■ Exercise description
Of the entries below, restate word for word only the section that runs from the line with "STEEPLE CHASE - Residential" to the line with "Harga BBM Tak", counting both ends.
★ ★ ★
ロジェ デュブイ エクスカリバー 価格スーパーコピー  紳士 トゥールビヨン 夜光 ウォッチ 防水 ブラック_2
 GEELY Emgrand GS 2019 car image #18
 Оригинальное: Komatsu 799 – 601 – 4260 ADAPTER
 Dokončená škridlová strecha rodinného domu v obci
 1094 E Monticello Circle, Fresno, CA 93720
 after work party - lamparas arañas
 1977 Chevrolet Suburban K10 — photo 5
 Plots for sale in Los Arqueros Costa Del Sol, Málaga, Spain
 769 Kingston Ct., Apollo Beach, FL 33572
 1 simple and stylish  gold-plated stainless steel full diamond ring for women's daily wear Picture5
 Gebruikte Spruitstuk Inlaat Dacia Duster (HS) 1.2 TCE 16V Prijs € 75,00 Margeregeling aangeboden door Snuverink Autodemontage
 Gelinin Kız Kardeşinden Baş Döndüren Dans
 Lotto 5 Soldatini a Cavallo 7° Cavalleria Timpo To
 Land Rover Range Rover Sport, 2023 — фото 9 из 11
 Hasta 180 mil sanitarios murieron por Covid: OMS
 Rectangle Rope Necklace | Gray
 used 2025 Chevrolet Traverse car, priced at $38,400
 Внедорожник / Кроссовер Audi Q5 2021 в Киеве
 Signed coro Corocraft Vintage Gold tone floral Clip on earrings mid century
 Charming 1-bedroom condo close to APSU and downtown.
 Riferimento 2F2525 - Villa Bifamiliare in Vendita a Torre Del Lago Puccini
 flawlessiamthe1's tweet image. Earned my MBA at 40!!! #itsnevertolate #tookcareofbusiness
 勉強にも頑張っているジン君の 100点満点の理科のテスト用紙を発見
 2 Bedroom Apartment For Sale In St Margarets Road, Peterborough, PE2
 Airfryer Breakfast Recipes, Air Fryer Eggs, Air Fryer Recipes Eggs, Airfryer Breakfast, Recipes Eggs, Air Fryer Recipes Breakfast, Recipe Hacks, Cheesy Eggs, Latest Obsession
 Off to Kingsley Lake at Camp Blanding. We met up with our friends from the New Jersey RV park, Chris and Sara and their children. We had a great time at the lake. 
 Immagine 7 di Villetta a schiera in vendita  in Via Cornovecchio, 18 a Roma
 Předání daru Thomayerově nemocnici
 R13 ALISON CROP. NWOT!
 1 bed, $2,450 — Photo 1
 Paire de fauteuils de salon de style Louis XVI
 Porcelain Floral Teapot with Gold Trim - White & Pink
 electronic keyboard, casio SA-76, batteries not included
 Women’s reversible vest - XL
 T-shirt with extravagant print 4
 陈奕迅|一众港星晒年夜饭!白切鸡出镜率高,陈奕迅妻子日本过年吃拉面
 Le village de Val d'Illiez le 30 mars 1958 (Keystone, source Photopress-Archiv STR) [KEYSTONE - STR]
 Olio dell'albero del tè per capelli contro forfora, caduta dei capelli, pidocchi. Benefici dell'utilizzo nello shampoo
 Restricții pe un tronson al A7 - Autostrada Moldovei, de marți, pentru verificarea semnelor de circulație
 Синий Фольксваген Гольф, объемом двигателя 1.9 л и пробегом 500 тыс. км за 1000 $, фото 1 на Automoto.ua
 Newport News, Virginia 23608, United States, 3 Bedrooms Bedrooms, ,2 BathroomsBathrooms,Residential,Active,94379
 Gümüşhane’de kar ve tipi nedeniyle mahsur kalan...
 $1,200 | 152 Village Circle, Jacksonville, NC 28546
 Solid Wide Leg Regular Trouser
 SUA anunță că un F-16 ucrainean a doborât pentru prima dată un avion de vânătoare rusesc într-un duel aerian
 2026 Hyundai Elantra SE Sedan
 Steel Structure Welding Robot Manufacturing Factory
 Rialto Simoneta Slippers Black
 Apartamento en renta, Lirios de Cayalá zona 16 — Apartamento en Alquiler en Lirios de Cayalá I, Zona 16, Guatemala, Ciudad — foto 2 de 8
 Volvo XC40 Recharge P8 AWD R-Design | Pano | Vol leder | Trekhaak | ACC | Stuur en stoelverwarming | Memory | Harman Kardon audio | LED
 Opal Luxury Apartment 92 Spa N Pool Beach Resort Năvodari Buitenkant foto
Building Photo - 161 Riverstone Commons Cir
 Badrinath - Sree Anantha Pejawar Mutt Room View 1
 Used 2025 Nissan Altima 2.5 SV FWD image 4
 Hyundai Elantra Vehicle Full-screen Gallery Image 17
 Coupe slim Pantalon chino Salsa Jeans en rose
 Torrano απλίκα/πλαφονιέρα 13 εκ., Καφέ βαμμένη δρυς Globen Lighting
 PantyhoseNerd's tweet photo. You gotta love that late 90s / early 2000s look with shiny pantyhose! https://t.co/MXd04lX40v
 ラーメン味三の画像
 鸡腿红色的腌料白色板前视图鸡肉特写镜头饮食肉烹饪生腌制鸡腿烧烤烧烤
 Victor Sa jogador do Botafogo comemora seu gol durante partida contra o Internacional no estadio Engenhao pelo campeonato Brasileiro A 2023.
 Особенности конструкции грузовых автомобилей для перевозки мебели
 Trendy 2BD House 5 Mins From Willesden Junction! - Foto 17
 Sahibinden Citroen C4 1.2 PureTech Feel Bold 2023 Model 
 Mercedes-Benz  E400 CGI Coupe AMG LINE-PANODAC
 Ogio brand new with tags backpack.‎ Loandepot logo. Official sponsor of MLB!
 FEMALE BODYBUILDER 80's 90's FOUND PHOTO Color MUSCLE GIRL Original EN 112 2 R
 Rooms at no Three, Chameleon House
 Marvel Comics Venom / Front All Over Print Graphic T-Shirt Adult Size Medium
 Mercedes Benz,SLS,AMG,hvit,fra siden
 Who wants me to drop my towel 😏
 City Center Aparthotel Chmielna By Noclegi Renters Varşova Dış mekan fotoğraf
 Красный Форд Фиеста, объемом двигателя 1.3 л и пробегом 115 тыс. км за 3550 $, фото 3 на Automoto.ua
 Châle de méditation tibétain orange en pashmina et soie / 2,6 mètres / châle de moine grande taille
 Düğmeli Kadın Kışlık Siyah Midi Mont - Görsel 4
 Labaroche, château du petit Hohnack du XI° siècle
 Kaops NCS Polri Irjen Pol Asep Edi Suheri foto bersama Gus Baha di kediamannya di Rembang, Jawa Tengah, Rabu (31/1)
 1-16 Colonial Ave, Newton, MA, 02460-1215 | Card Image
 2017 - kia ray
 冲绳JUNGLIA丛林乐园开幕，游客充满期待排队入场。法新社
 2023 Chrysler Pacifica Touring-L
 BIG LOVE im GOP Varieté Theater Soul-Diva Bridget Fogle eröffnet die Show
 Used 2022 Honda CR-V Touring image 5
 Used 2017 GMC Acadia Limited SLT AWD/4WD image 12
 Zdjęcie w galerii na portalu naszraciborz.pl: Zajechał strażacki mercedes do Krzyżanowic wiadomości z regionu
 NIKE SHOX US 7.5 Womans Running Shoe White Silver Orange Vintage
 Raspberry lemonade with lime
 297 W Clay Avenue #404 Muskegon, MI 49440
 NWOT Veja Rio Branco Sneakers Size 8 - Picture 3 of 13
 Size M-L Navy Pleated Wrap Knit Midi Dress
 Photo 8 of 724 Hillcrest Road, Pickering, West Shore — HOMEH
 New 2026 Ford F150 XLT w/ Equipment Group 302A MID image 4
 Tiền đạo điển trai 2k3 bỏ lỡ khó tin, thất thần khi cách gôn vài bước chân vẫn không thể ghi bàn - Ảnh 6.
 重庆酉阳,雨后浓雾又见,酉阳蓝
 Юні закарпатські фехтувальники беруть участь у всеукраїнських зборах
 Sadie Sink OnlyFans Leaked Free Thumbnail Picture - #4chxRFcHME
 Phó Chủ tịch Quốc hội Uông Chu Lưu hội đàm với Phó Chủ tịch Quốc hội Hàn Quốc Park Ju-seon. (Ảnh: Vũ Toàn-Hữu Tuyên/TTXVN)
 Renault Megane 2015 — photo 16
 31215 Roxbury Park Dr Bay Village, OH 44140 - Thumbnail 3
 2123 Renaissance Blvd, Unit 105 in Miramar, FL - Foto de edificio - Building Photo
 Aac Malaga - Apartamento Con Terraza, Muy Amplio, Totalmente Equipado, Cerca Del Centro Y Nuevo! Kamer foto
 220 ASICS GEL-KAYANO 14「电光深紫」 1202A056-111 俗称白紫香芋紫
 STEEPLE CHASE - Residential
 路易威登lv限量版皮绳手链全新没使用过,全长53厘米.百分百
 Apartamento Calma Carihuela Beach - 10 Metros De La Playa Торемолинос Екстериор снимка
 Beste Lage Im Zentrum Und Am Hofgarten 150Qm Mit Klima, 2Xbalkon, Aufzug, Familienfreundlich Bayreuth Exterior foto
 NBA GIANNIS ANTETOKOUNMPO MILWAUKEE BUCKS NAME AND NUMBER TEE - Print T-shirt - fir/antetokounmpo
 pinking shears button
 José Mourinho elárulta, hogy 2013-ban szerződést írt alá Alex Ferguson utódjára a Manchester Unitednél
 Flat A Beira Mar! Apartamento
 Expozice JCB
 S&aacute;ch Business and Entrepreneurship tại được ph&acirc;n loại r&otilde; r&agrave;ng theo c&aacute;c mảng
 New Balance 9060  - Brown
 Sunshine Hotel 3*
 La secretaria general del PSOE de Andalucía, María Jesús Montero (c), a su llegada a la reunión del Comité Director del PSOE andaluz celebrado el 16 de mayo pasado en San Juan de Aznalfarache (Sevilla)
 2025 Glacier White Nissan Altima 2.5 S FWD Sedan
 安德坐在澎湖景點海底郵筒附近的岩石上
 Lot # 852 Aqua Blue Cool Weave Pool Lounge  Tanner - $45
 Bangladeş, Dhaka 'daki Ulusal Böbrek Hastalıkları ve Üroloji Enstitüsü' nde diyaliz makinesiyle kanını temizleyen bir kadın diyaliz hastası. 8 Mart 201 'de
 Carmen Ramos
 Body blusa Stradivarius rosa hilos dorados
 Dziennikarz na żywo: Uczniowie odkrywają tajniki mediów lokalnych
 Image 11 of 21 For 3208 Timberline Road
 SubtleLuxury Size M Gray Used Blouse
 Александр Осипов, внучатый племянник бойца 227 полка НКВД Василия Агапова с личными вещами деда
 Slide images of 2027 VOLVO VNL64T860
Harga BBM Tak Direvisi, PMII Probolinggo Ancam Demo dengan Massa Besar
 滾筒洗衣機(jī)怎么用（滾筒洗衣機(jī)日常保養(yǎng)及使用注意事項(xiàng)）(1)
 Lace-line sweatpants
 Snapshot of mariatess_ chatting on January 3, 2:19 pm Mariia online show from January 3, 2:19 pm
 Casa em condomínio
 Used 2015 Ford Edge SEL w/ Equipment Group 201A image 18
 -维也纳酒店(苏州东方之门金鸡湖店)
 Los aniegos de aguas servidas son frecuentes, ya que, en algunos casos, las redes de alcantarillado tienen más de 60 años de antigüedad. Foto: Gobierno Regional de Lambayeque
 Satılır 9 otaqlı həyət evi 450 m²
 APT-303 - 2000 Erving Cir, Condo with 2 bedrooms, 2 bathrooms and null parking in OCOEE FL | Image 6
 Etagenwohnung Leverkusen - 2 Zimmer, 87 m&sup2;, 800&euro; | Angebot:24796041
★ ★ ★
■ Your solution
 STEEPLE CHASE - Residential
 路易威登lv限量版皮绳手链全新没使用过,全长53厘米.百分百
 Apartamento Calma Carihuela Beach - 10 Metros De La Playa Торемолинос Екстериор снимка
 Beste Lage Im Zentrum Und Am Hofgarten 150Qm Mit Klima, 2Xbalkon, Aufzug, Familienfreundlich Bayreuth Exterior foto
 NBA GIANNIS ANTETOKOUNMPO MILWAUKEE BUCKS NAME AND NUMBER TEE - Print T-shirt - fir/antetokounmpo
 pinking shears button
 José Mourinho elárulta, hogy 2013-ban szerződést írt alá Alex Ferguson utódjára a Manchester Unitednél
 Flat A Beira Mar! Apartamento
 Expozice JCB
 S&aacute;ch Business and Entrepreneurship tại được ph&acirc;n loại r&otilde; r&agrave;ng theo c&aacute;c mảng
 New Balance 9060  - Brown
 Sunshine Hotel 3*
 La secretaria general del PSOE de Andalucía, María Jesús Montero (c), a su llegada a la reunión del Comité Director del PSOE andaluz celebrado el 16 de mayo pasado en San Juan de Aznalfarache (Sevilla)
 2025 Glacier White Nissan Altima 2.5 S FWD Sedan
 安德坐在澎湖景點海底郵筒附近的岩石上
 Lot # 852 Aqua Blue Cool Weave Pool Lounge  Tanner - $45
 Bangladeş, Dhaka 'daki Ulusal Böbrek Hastalıkları ve Üroloji Enstitüsü' nde diyaliz makinesiyle kanını temizleyen bir kadın diyaliz hastası. 8 Mart 201 'de
 Carmen Ramos
 Body blusa Stradivarius rosa hilos dorados
 Dziennikarz na żywo: Uczniowie odkrywają tajniki mediów lokalnych
 Image 11 of 21 For 3208 Timberline Road
 SubtleLuxury Size M Gray Used Blouse
 Александр Осипов, внучатый племянник бойца 227 полка НКВД Василия Агапова с личными вещами деда
 Slide images of 2027 VOLVO VNL64T860
Harga BBM Tak Direvisi, PMII Probolinggo Ancam Demo dengan Massa Besar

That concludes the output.